• _Task brief_:
Working through the data below, reproduce word for word the line with "ein neues Zuhause" and every line after it, both ends included, and omit the pictures.

+ + + + + + +

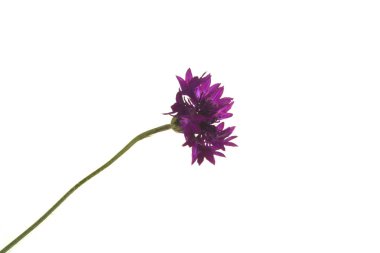 beyaz arkaplanda izole edilmiş çiçek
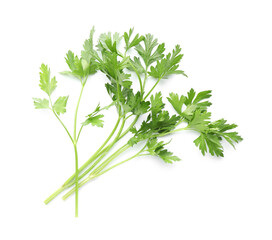 Sprigs of fresh parsley isolated on white, top view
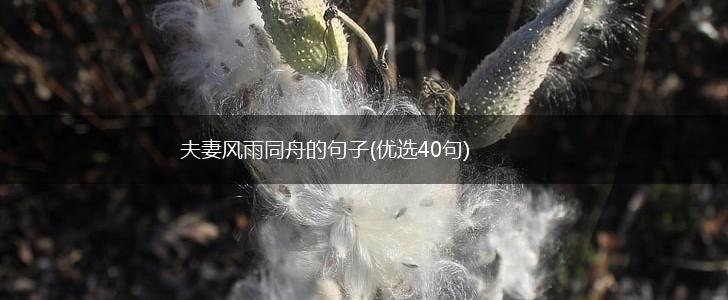 夫妻风雨同舟的句子(优选40句),第1张
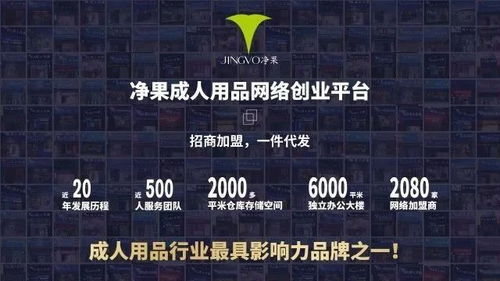 《光与影33号远征队》作弊符纹获取技巧解析，高效攻略新方法大揭秘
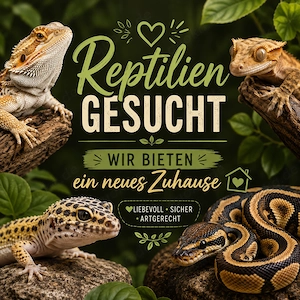  Reptilien gesucht   wir bieten ein neues Zuhause 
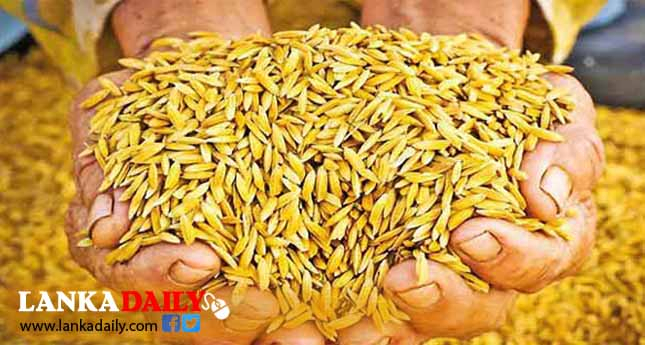 යල කන්නයේ වී මිලදී ගැනීම් අද සිට ඇරඹේ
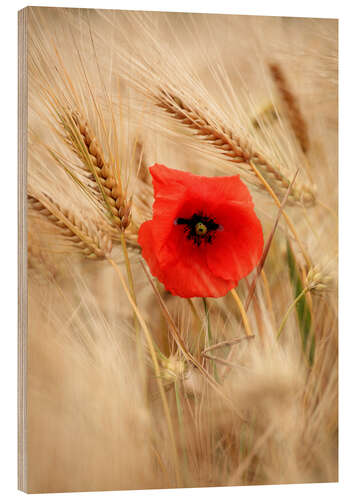 Holzbild Die Mohnblume im Getreide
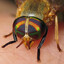 yellow fly of the dismal swamp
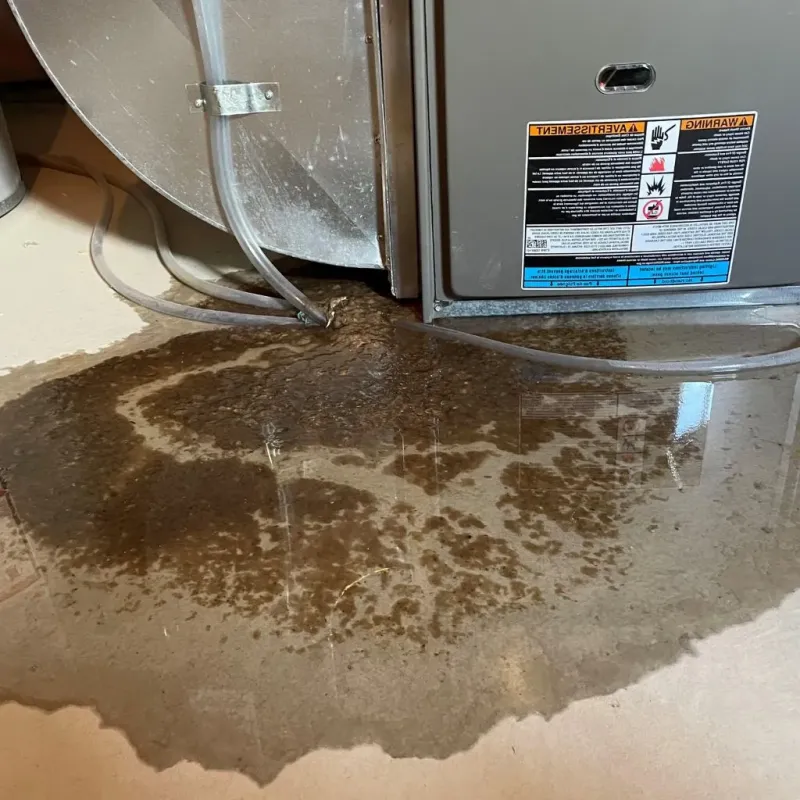 Pipe Burst and Leak Restoration in Midway, PA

+ + + + + + +

• _Answer to the problem_:
  Reptilien gesucht   wir bieten ein neues Zuhause 
 යල කන්නයේ වී මිලදී ගැනීම් අද සිට ඇරඹේ
 Holzbild Die Mohnblume im Getreide
 yellow fly of the dismal swamp
 Pipe Burst and Leak Restoration in Midway, PA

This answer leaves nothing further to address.